Anche sulla percentuale di genitori che ritiene gli insegnanti poco preparati, Bertagna ritiene necessarie alcune sottolineature. «Spesso i genitori sono convinti che il metodo adottato dai propri insegnanti di un tempo sia l’unico corretto. Ma, in una società che avanza in maniera vertiginosa, i cambiamenti della didattica sono necessari». Detto ciò, non è escluso che ci sia un effettivo problema di preparazione dei docenti che si riflette sulla percezione delle famiglie e degli studenti. «Se abbiamo una scuola secondaria di primo livello in cui l’età media dei docenti è di 52 anni e una scuola secondaria di secondo livello in cui è di 50, è evidente che ci sia un problema di formazione ed aggiornamento». Non solo: «Gli insegnanti vengono formati con i contenuti uguali a 30-40 anni fa».

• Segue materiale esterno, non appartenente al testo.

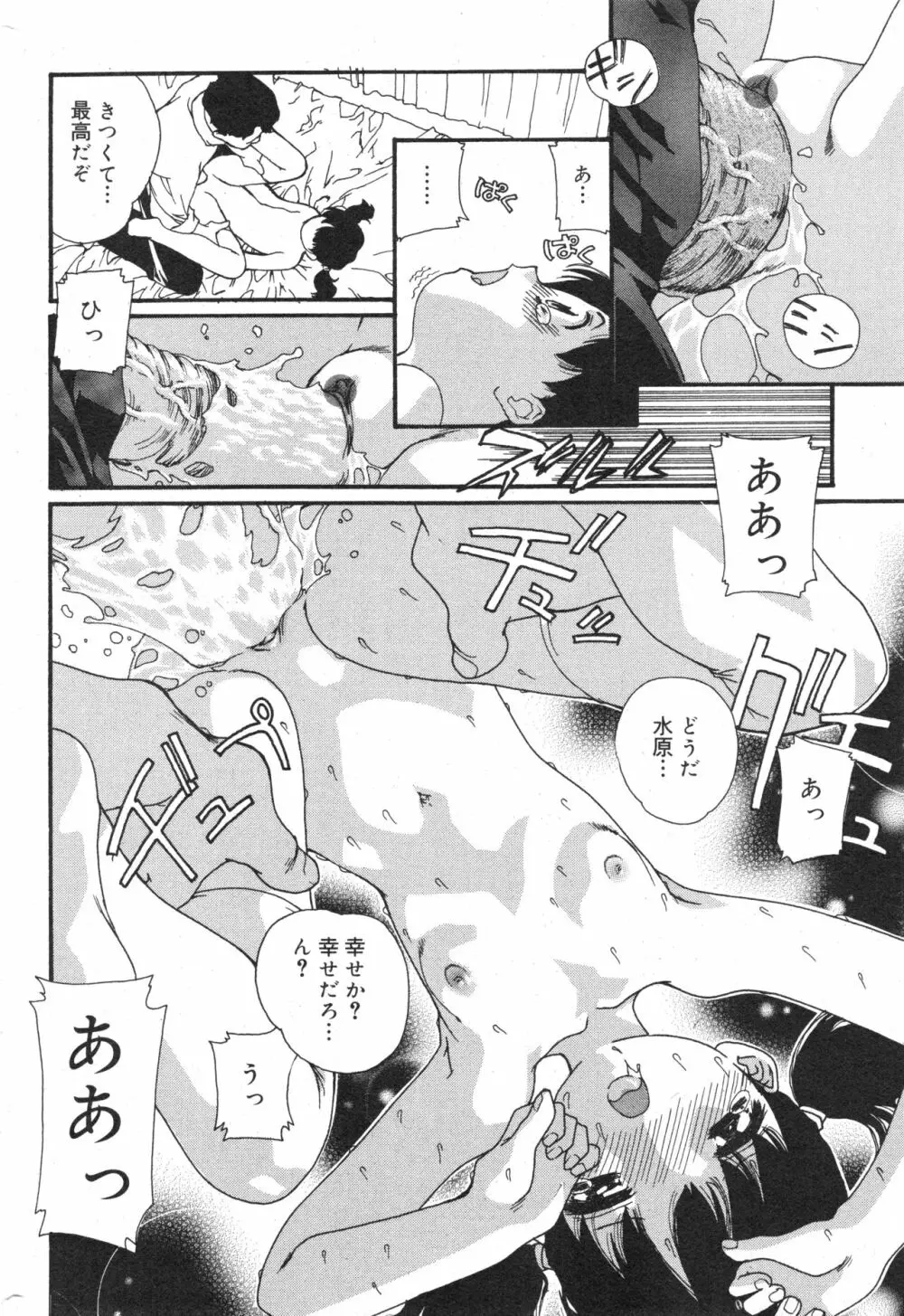 コミック ミニモン 2004年10月号 VOL.15 Page.159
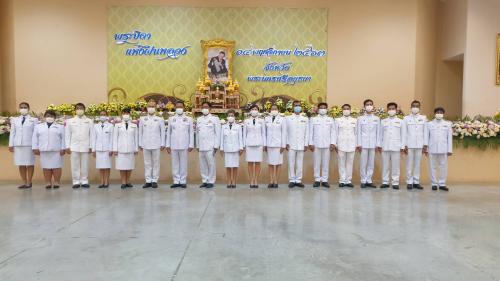 ส.ป.ก.พระนครศรีอยุธยาร่วมพิธีวางพานพุ่มถวายราชสักการะ พระบาทสมเด็จพระบรมชนกาธิเบศร มหาภูมิพลอดุลยเดชมหาราช บรมนาถบพิตร เนื่องในวัน พระบิดาแห่งฝนหลวง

Ogni volta che si tenta di metter mano alla situazione, ci si trova di fronte ad ostacoli insormontabili. «Abbiamo una scuola che coinvolge, complessivamente, 1 milione e 200mila dipendenti. Un "Moloch" tendente all’inerzia e alla conservazione di un modello monopolistico che niente riesce a infrangere». Che non ci riesca il modello di scuola paritario, che in Italia è nettamente minoritario è comprensibile. «Lo è meno – continua – il fatto che non ci riesca il disegno costituzionale della scuola delle Regioni. Il cosiddetto sistema dell’istruzione e della formazione professionale, che doveva avere pari dignità con quella statale, è fallito. Da un lato molte Regioni non lo vogliono, dall’altro lo Stato non ha mai voluto mollare le sue prerogative».